Actually, two of them are words, pronounceable names. The genera Rhodoplanes and Bradyrhizobium are real, named life forms (genera). We know relatively little about Rhodoplanes. Bradyrhizobium is better studied; it associates with plant roots where it has the magical talent of being able to grab nitrogen out of the air, change it into easier to use forms and then hog-trade those forms with plants for sugars.

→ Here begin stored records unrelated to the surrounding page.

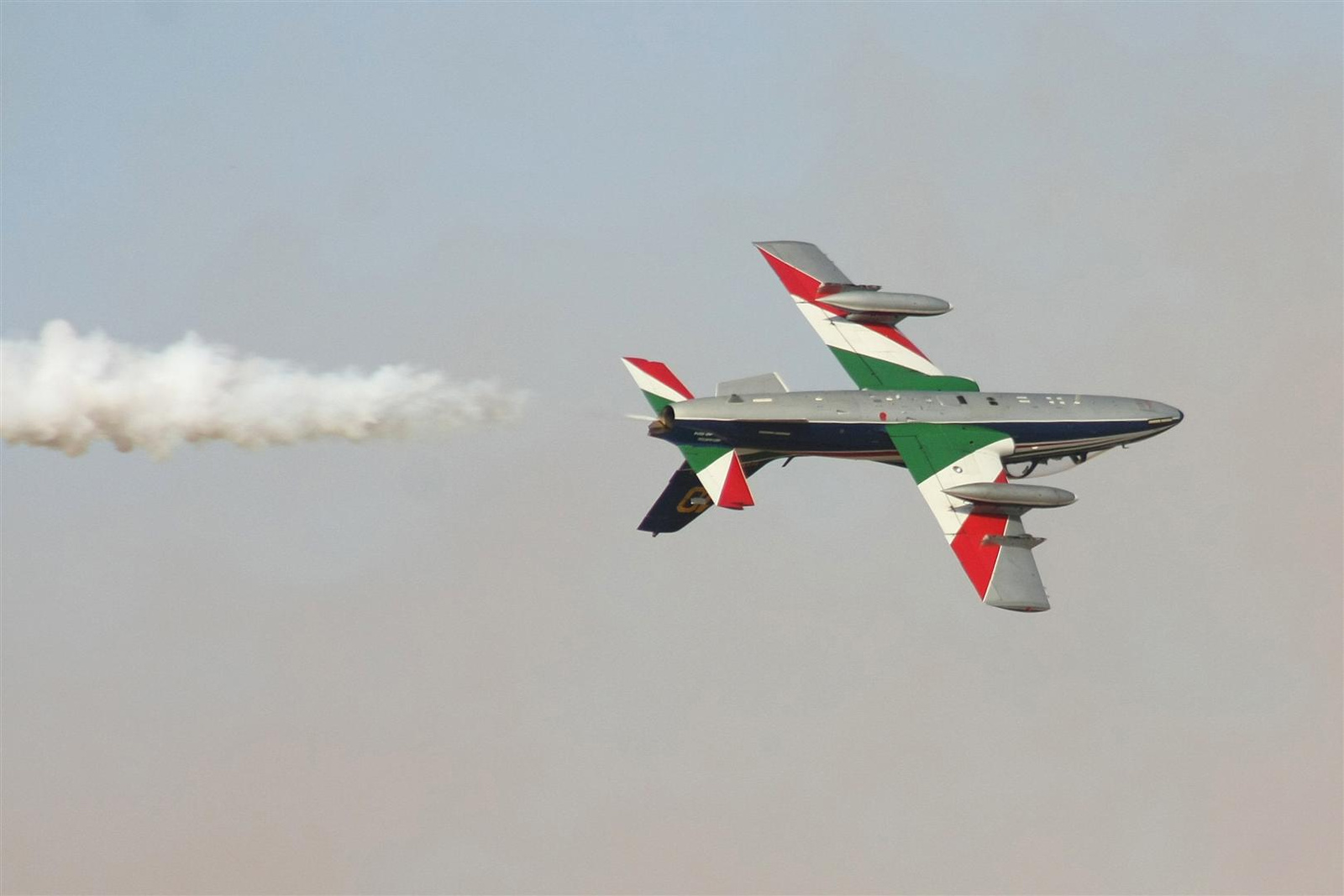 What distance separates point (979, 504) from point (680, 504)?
797 centimetres

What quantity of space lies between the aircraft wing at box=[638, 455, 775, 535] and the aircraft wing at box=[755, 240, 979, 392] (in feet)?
16.4

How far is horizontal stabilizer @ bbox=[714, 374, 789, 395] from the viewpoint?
164ft

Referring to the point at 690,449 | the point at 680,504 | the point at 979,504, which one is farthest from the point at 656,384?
the point at 979,504

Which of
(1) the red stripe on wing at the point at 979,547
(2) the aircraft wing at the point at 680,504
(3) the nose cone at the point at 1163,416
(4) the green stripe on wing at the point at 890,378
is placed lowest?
(1) the red stripe on wing at the point at 979,547

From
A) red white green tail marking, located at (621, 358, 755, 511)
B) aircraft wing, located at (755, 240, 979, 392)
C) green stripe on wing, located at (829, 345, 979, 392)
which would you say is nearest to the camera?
red white green tail marking, located at (621, 358, 755, 511)

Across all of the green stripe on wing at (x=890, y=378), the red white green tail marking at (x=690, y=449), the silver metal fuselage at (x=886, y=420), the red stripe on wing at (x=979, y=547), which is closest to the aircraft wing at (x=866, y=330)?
the green stripe on wing at (x=890, y=378)

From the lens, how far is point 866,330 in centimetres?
5591

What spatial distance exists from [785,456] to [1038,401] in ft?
25.1

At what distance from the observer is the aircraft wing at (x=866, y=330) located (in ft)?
179

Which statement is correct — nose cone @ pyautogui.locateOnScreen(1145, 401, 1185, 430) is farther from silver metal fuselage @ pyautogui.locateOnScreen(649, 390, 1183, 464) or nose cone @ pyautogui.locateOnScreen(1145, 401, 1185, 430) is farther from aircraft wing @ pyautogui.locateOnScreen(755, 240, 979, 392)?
aircraft wing @ pyautogui.locateOnScreen(755, 240, 979, 392)

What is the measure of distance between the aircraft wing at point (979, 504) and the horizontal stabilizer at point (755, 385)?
3175 millimetres

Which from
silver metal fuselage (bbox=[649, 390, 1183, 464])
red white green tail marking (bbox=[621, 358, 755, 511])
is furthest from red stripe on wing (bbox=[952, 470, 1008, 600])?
red white green tail marking (bbox=[621, 358, 755, 511])

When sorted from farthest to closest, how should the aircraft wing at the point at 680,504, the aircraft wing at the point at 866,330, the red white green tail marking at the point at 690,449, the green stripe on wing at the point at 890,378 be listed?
the aircraft wing at the point at 866,330 < the green stripe on wing at the point at 890,378 < the aircraft wing at the point at 680,504 < the red white green tail marking at the point at 690,449

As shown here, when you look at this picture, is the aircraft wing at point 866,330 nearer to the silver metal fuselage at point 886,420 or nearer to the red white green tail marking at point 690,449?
the silver metal fuselage at point 886,420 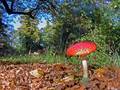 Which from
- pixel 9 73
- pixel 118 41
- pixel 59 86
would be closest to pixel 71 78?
pixel 59 86

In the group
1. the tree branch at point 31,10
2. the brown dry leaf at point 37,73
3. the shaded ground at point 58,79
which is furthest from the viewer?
the tree branch at point 31,10

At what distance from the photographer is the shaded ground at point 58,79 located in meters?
6.83

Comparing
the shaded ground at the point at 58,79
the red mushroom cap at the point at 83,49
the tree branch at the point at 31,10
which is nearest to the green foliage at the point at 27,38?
the tree branch at the point at 31,10

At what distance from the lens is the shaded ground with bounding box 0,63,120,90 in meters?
6.83

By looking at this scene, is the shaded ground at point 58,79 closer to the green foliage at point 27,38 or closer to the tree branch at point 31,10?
the tree branch at point 31,10

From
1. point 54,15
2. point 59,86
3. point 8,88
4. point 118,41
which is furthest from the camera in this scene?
point 54,15

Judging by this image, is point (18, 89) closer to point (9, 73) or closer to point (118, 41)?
point (9, 73)

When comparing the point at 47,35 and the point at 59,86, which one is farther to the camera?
the point at 47,35

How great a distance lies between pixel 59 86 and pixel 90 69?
1.26m

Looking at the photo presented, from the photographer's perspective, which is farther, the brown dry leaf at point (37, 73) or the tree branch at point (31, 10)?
the tree branch at point (31, 10)

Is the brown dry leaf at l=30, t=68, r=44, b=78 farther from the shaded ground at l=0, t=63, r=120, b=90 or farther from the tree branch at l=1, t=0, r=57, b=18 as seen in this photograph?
the tree branch at l=1, t=0, r=57, b=18

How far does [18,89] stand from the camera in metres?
7.52

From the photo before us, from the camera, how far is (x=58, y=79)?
7.76 metres

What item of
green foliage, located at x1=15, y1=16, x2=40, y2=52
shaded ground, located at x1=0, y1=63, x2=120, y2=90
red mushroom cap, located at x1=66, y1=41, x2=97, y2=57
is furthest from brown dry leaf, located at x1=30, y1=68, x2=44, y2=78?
green foliage, located at x1=15, y1=16, x2=40, y2=52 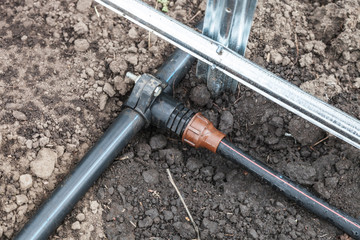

But this story is not about Bradyrhizobium, it is about DA101, Ellin6075 and iii 1-15. These clearly aren’t words. They seem like email passwords or the sorts of unsayable combinations of letters and numbers that celebrities now use to name their children. Actually, what they are is even odder; they are codes given to these kinds of bacteria as temporary placeholders until someone figures out how to grow and study them. You see, we did not actually see these bacteria. Instead we detected them on the basis of the presence of their DNA in the soil; their DNA has a specific sequence, a sequence that tells us who these bacteria are, enough to document their existence but not enough to tell us more about them, such as what they do, and not enough, given the scientific rules for naming creatures, to give them a permanent name.

For six of the ten most common bacteria in the soils of medians, including three species of the provisional genus DA101, a species of the provisional genus Ellin6075 and a species of the genus iii 1-15, all we can say is to which other species of bacteria  they are related. Well, that and also that they are probably the most abundant organisms in Manhattan, the real owners of the habitat in which humanity is squatting. A species of DA101 is the very most abundant, if you were wondering, the real king of Broadway and perhaps each other place we put our feet.

But while DA101 may well be the most common species in Manhattan, it is just one of tens of thousands of unstudied species, the tangible and yet invisible richness of our ignorance, a richness you brush against every day, a richness you can pick up in a pinch of dirt from anywhere in New York, a pinch in which, our data show, more than a thousand species are likely to be found, species that go on living even as you lift them toward your face, species unaware of our human delusions of grandeur and understanding, unaware of much of anything except for the other microbes around them, and the presence or absence of their preferred sustenance, whatever we someday discover it to be.